Goal:
Identification of myocardial infarction risk patients from peripheral
blood thrombocyte activation antigen expression (CD62, CD63, thrombospondin,
IgG binding). The activation antigen expression is flow cytometrically
determined on thrombocytes in platelet rich plasma.
CLASSIF1 Classification:
The classification of the learning set of normal individuals,
angiographically verified myocardial risk as well as of diabetic patients
(type II) provides correct recognition of > 95% of normal and infarction
risk patients, while diabetic patients are only recognized
in around 50% of the cases.
Conclusion:
The determination of CD62/63/thrombospondin/IgG provides good identification
if myocardial infarction risk patients while diabetic patients are not
well recognized by the pattern of these thrombocyte activation antigens.

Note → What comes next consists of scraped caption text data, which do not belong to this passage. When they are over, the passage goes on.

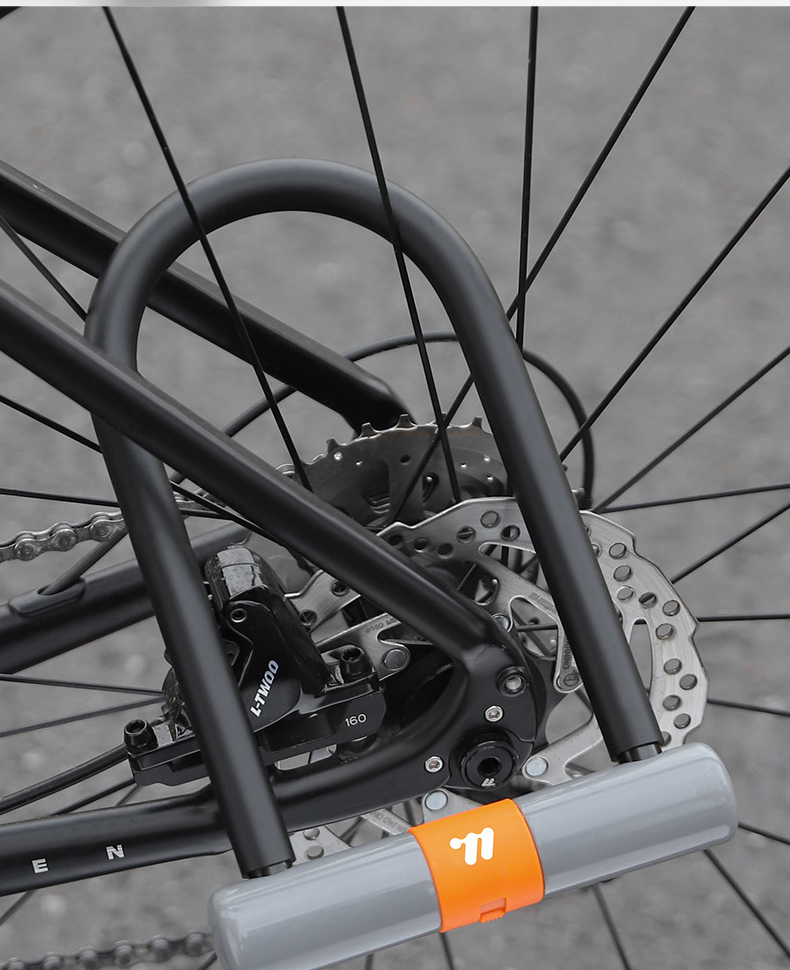 WEST BIKING Anti-Theft U-Lock locked through a bike wheel and disc rotor — Zeus eBikes Canada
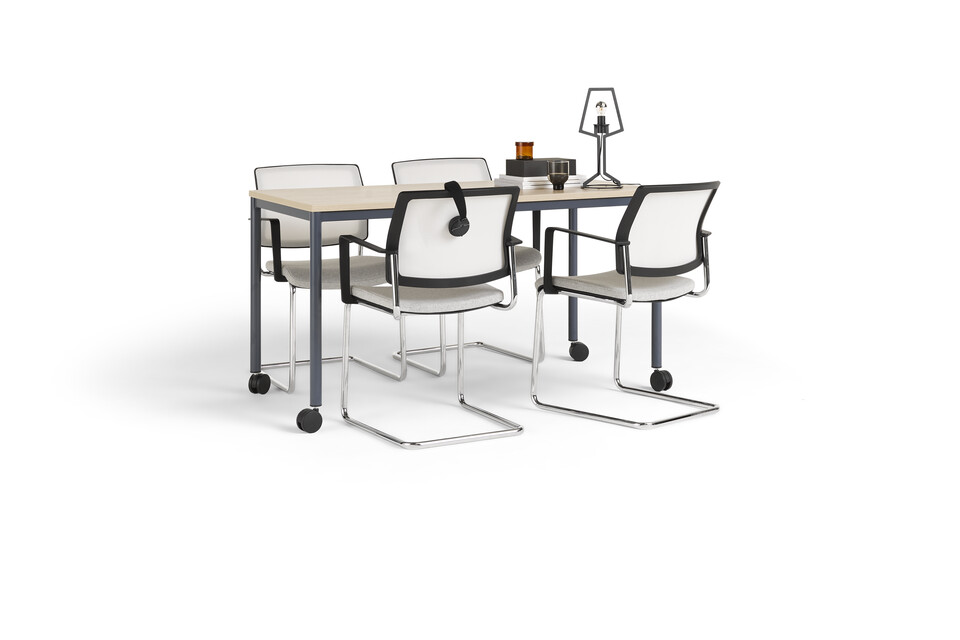 Gispen UT round 4 leg table in blue with oak tabletop on castors and grey ZINN conference chairs styled front left view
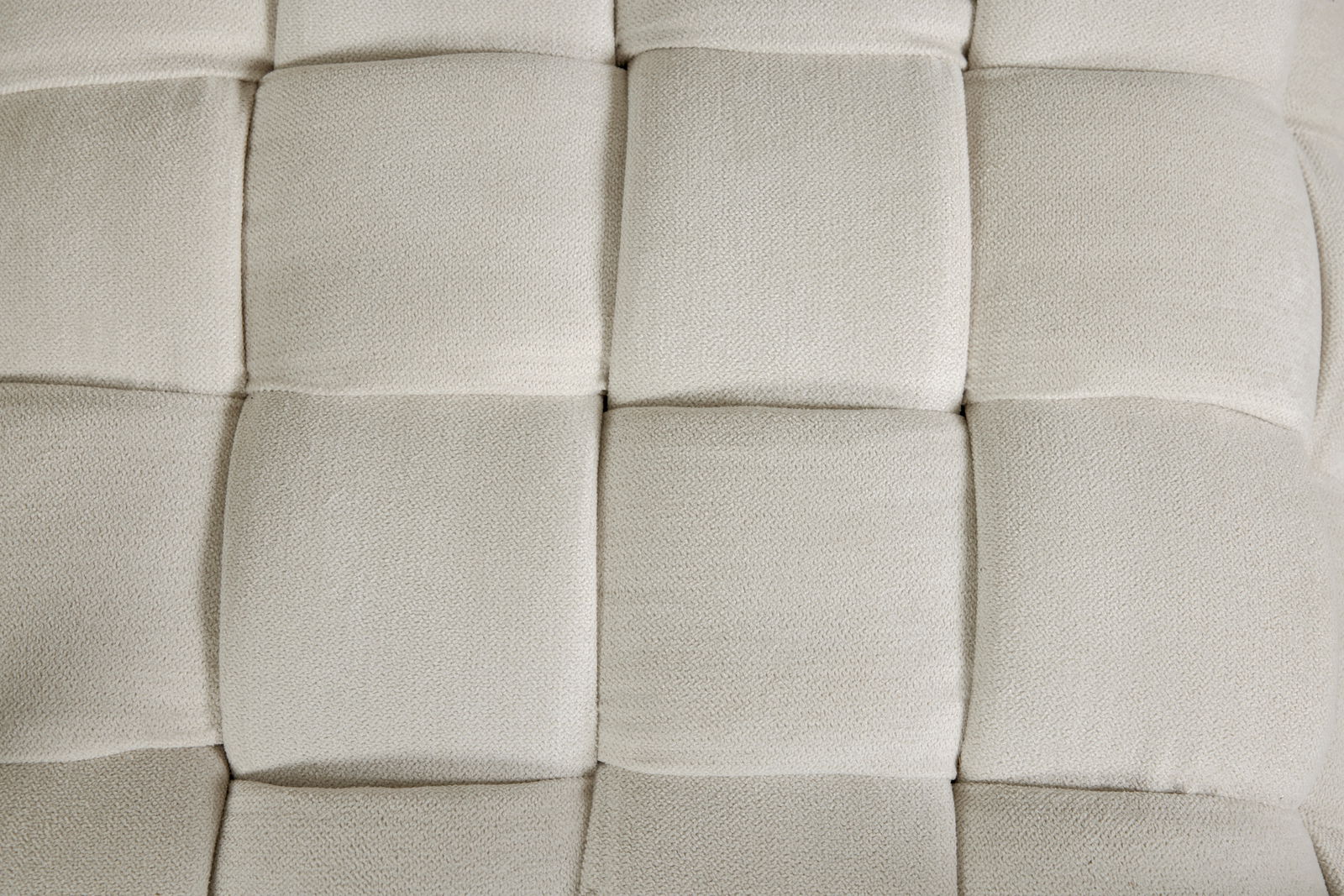 Nahaufnahme eines gepolsterten Hockers mit quadratischem Muster in cremefarbener Textur, von oben betrachtet.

Elaboration of CLASSIF1 Classifiers:
CLASSIF1 classifiers are typically established from
data sets of clinically well characterized patients.
Upon reception of a data set, patients #1,5,10,15 ... etc of
each classification category remain a-priori inaccessible to the
learning process and constitute the embedded unknown
test set which serves to test the robustness of
classification for unknown samples.
The remaining patient data are assigned to the learning set
from which the classifier is learned according to the principles
described previously.
Once the classifier is available, its classification capacities
can be assessed by classification of the learning set
but more importantly by the classification of the unknown
test set patients.
A classifier which correctly classifies the learning set as
well as the test set of patients is suitable for a test
phase of prospective classification in the clinical environment.
The correctness of prospective classification is checked
for a certain time prior to classifier use in its
operational phase in routine practice.